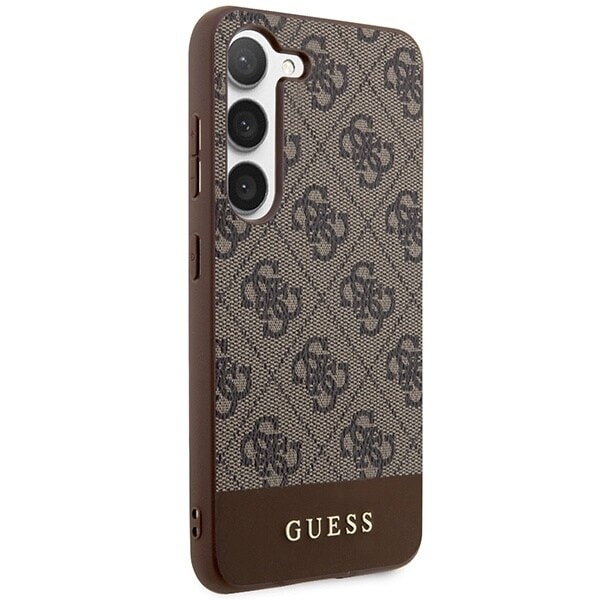 Guess GUHCS23MG4GLBR S23+ S916 veske - Brun 4G Stripe Collection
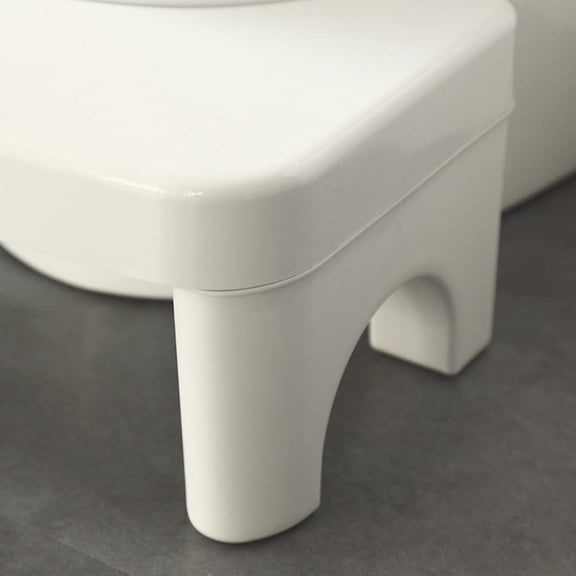 LOLIPPYY 1-Pack White Kids Toilet Footstool Non- PP Bathroom Step Stool for Children
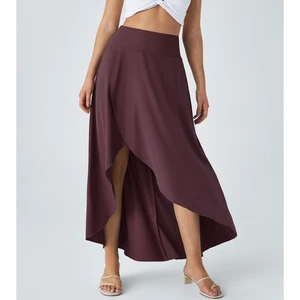 Halara Breezeful High WaistHigh/low Ruffle Quick Dry Maxi Skirt XL NWT - Picture 1 of 5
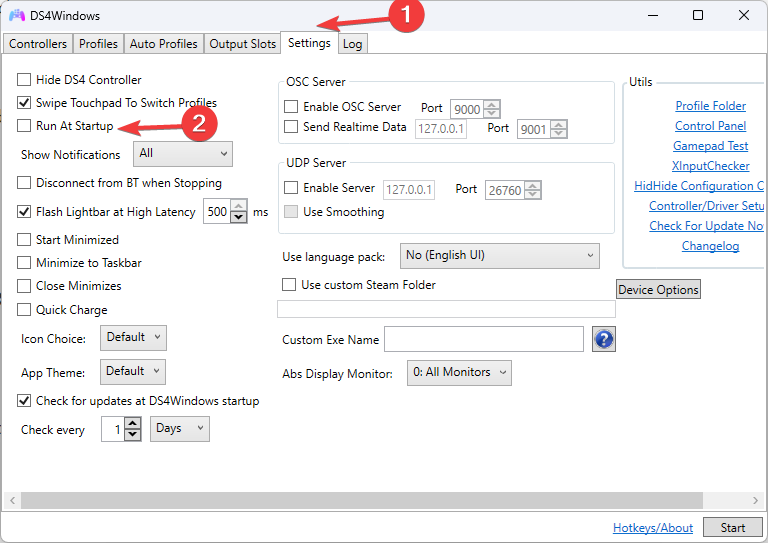 Run at Startup - uninstall DS4Windows
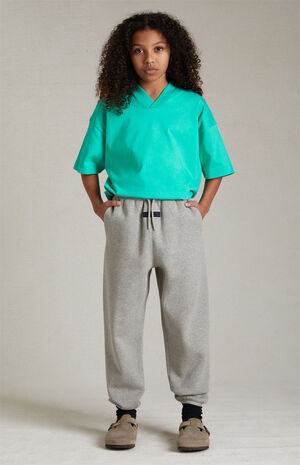 Essentials Dark Heather Oatmeal Sweatpants image number 1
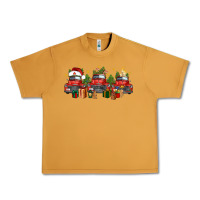 Peanut Butter christmas trucks Urban Heavy Tee - FaDigitalArtStudio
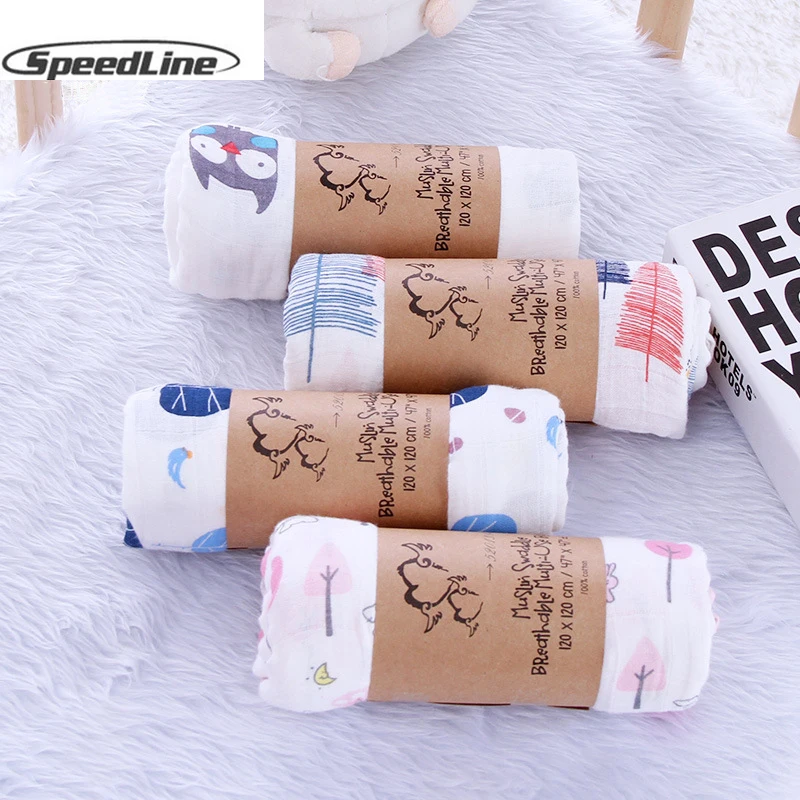 Speedline 120*120cm Newborn baby swaddle wrap parisarc Cotton Bamboo Fiber soft Baby Blankets Deken Blanket Swadding
Speedline 120*120cm Newborn baby swaddle wrap parisarc Cotton Bamboo Fiber soft Baby Blankets Deken Blanket Swadding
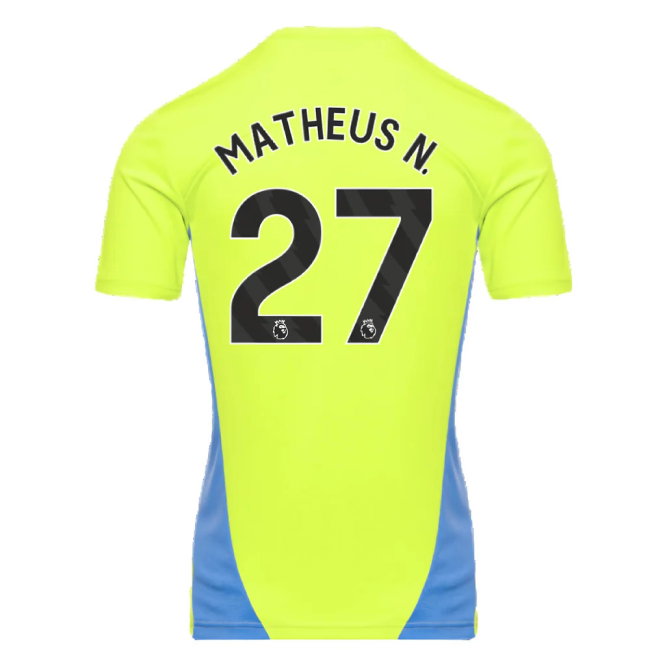 2024-2025 Man City Training Shirt (Yellow Glow) (Matheus N. 27)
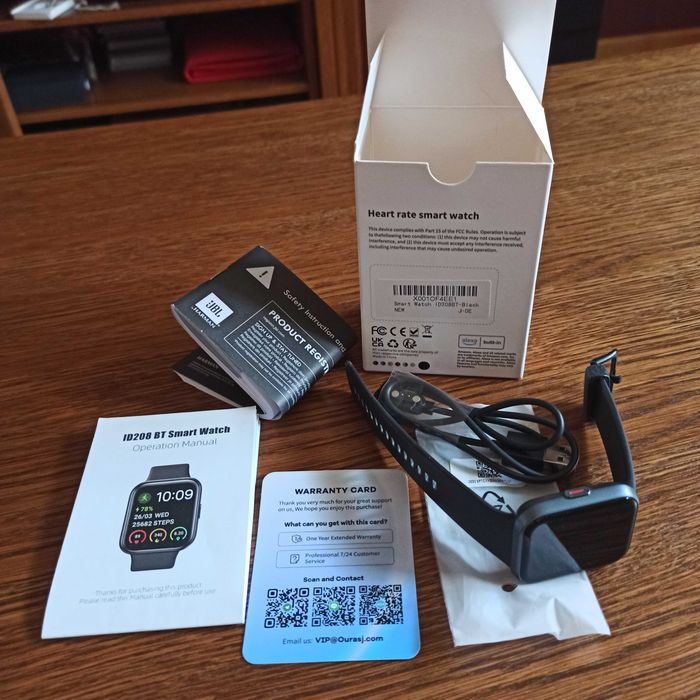 Smart watch ID208BT-Black j.nowy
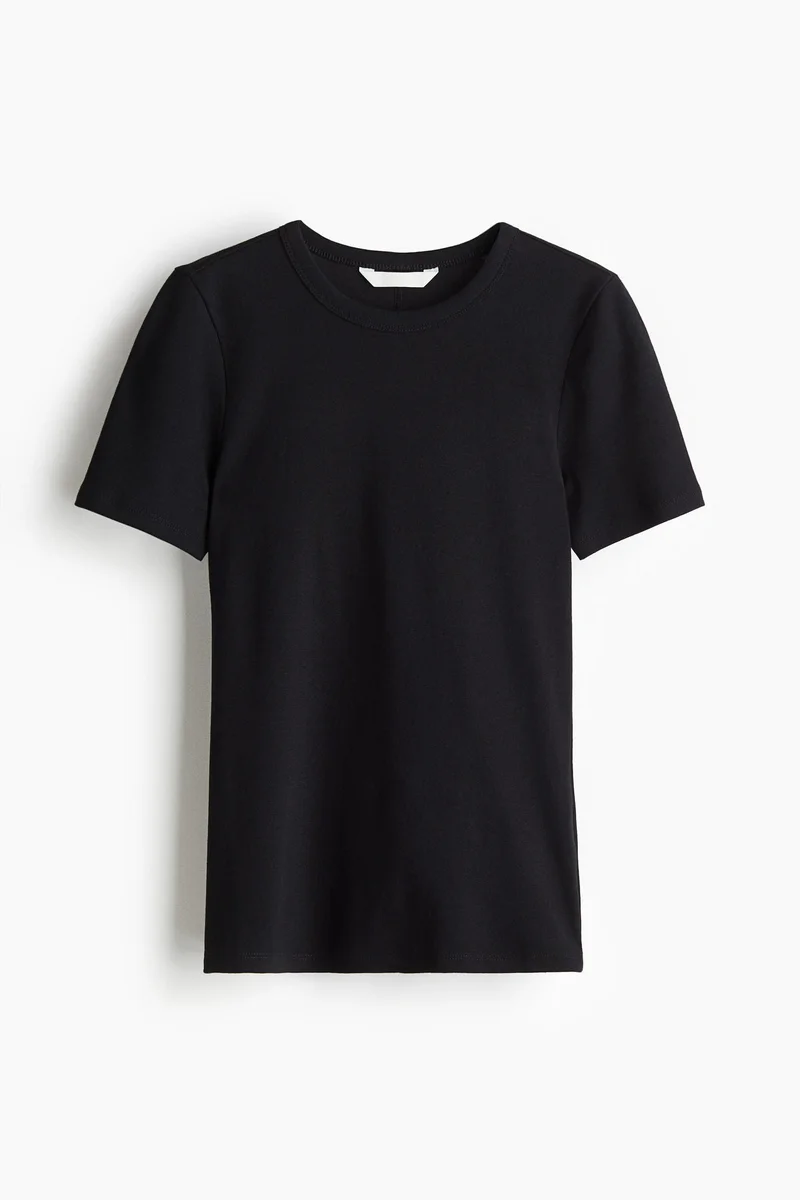 H&M Fitted T-shirt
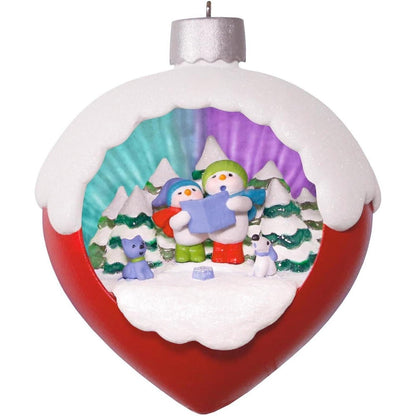 2017 A Caroling Surprise Hallmark Ornament (A Caroling Surprise) QGO1212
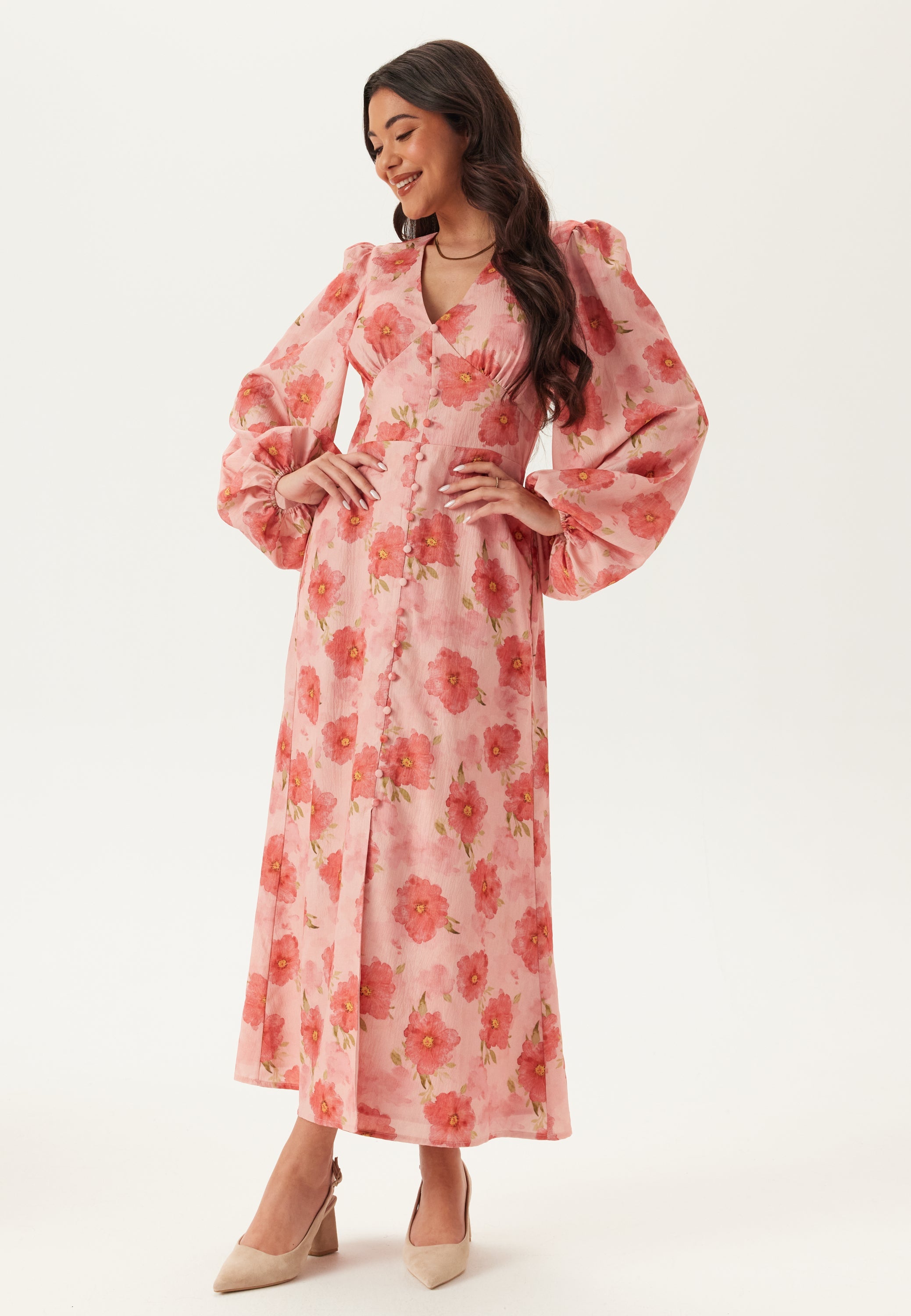 Bubbleroom Occasion Structured Midi Dress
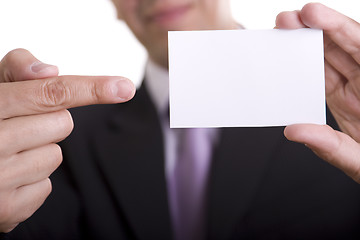 Image showing Blank business card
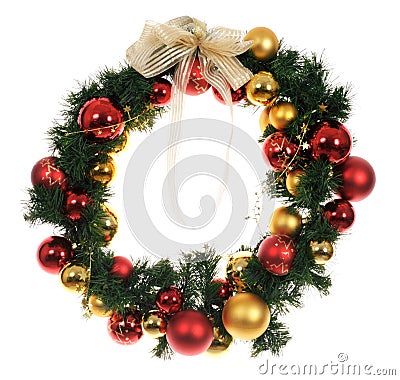 Christmas Wreath Stock Photo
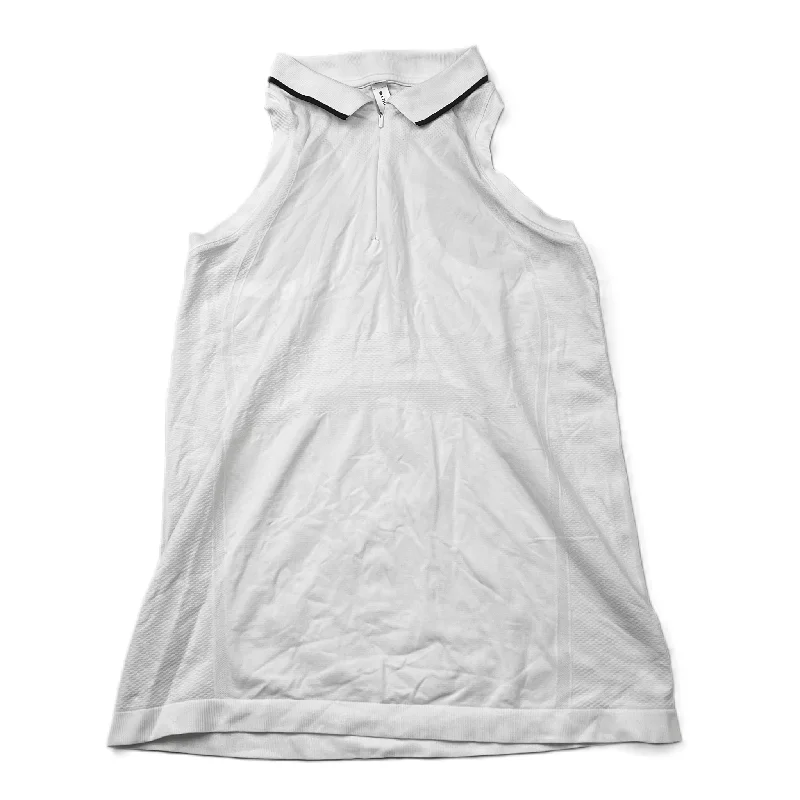Major Savings Black & White Top Sleeveless By Athleta, Size: M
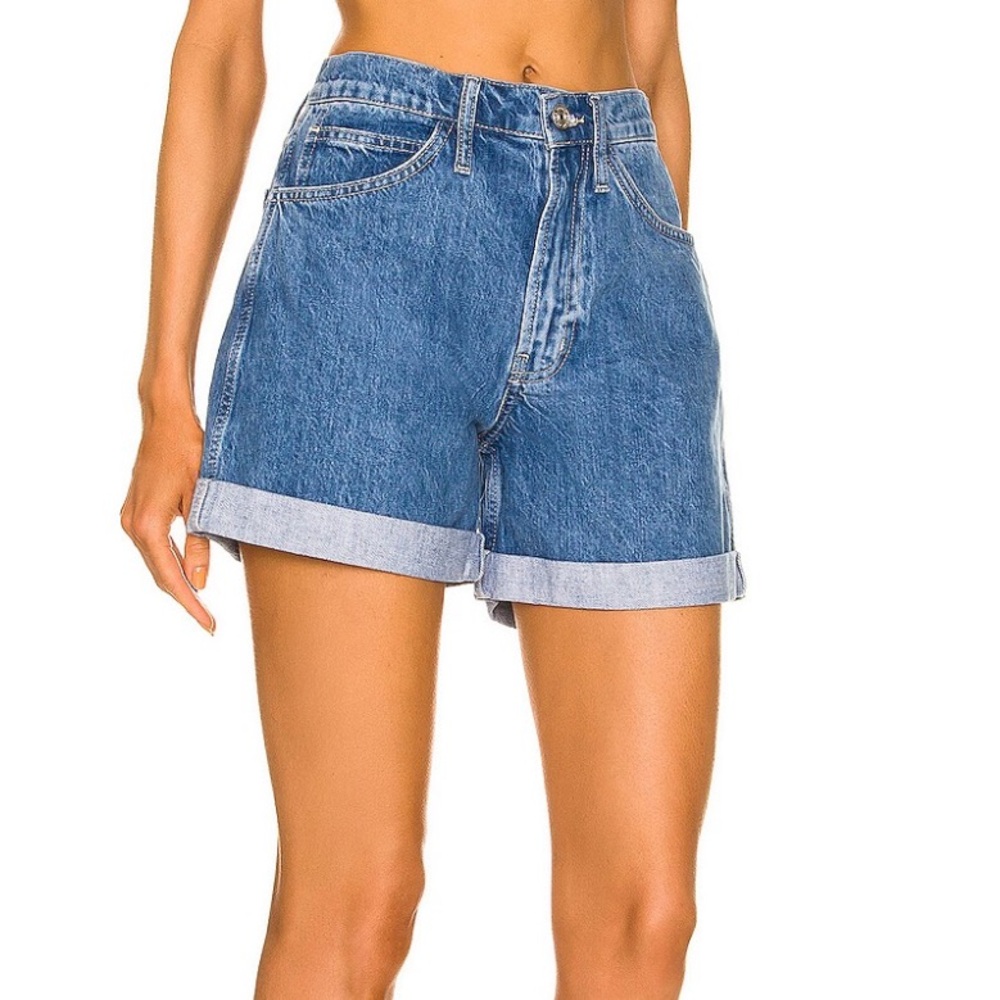 Frame Denim High Rise Cuffed Shorts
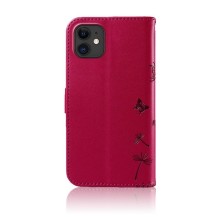 Étui Blowball rouge pour iPhone 11 avec rangement cartes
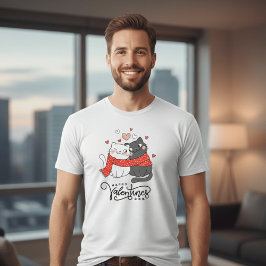 Happy Valentine’s Day Cat Shirt | Cute Cats Couple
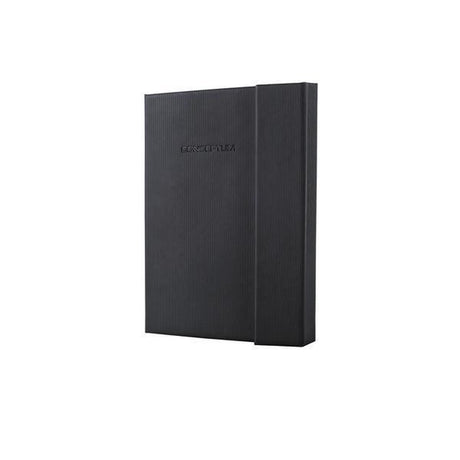 Sigel notesbog conceptum pure a5 sort hardcover 194 sider 80 grams diamant med magnetisk lukning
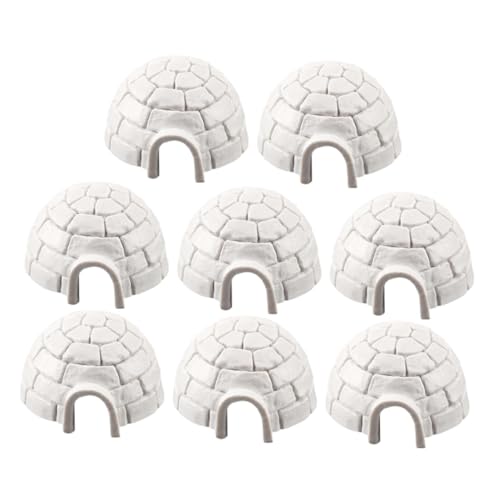 IMIKEYA 8 Stück Iglu-Modell Simulation Miniaturfigur Weihnachtspuppenhaus-Miniaturen Mini-Modell Miniaturen für den Feengarten Figuren für Kleinkinder Harz Weiß IMIKEYA 8 Stück Iglu-Modell Simulation Miniaturfigur Weihnachtspuppenhaus-Miniaturen Mini-Modell Miniaturen für den Feengarten Figuren für Kleinkinder Harz Weiß von IMIKEYA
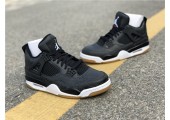 Баскетбольные кроссовки Air Jordan 4 Black/Grey - Фото 7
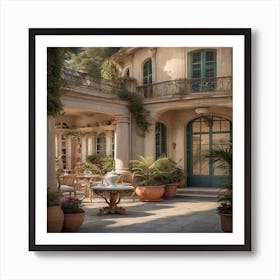 Victorian Courtyard Art Print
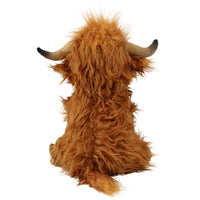 Simulation Highland Cow Plush Toy - Lusy Store LLC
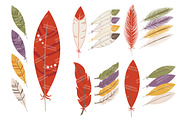 Autumn Tribal Feathers Clipart, an Illustration by Amanda Ilkov (Thumbnail 3 of 4)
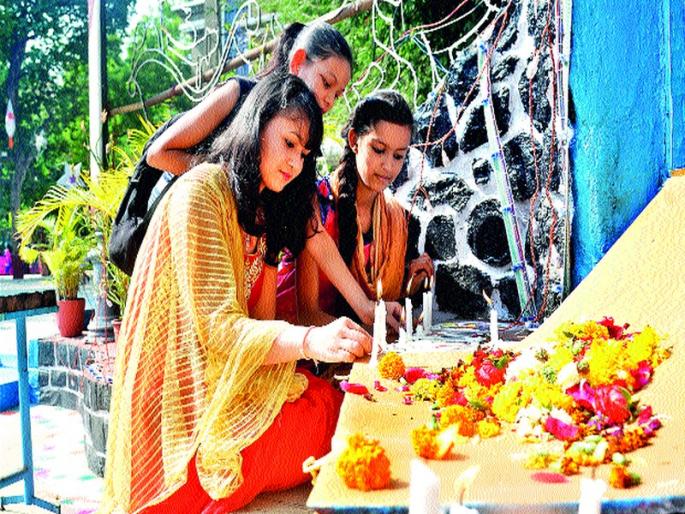 In the city celebrates the birth of Lord Jesus | शहरात प्रभू येशूंचा जन्मोत्सव साजरा In the city celebrates the birth of Lord Jesus | शहरात प्रभू येशूंचा जन्मोत्सव साजरा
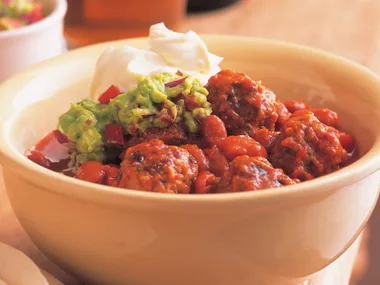 Mexican meatballs with guacamole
☆ ☆ ☆ ☆ ☆ ☆ ☆
=== What you need to do ===
Leave the pictures out and please restate exactly the lines running from the start of the material through the one with "Autumn Tribal Feathers".

=== Final answer ===
 Guess GUHCS23MG4GLBR S23+ S916 veske - Brun 4G Stripe Collection
 LOLIPPYY 1-Pack White Kids Toilet Footstool Non- PP Bathroom Step Stool for Children
 Halara Breezeful High WaistHigh/low Ruffle Quick Dry Maxi Skirt XL NWT - Picture 1 of 5
 Run at Startup - uninstall DS4Windows
 Essentials Dark Heather Oatmeal Sweatpants image number 1
 Peanut Butter christmas trucks Urban Heavy Tee - FaDigitalArtStudio
 Speedline 120*120cm Newborn baby swaddle wrap parisarc Cotton Bamboo Fiber soft Baby Blankets Deken Blanket Swadding
Speedline 120*120cm Newborn baby swaddle wrap parisarc Cotton Bamboo Fiber soft Baby Blankets Deken Blanket Swadding
 2024-2025 Man City Training Shirt (Yellow Glow) (Matheus N. 27)
 Smart watch ID208BT-Black j.nowy
 H&M Fitted T-shirt
 2017 A Caroling Surprise Hallmark Ornament (A Caroling Surprise) QGO1212
 Bubbleroom Occasion Structured Midi Dress
 Image showing Blank business card
 Christmas Wreath Stock Photo
Major Savings Black & White Top Sleeveless By Athleta, Size: M
 Frame Denim High Rise Cuffed Shorts
 Étui Blowball rouge pour iPhone 11 avec rangement cartes
 Happy Valentine’s Day Cat Shirt | Cute Cats Couple
 Sigel notesbog conceptum pure a5 sort hardcover 194 sider 80 grams diamant med magnetisk lukning
 IMIKEYA 8 Stück Iglu-Modell Simulation Miniaturfigur Weihnachtspuppenhaus-Miniaturen Mini-Modell Miniaturen für den Feengarten Figuren für Kleinkinder Harz Weiß IMIKEYA 8 Stück Iglu-Modell Simulation Miniaturfigur Weihnachtspuppenhaus-Miniaturen Mini-Modell Miniaturen für den Feengarten Figuren für Kleinkinder Harz Weiß von IMIKEYA
 Баскетбольные кроссовки Air Jordan 4 Black/Grey - Фото 7
 Victorian Courtyard Art Print
 Simulation Highland Cow Plush Toy - Lusy Store LLC
 Autumn Tribal Feathers Clipart, an Illustration by Amanda Ilkov (Thumbnail 3 of 4)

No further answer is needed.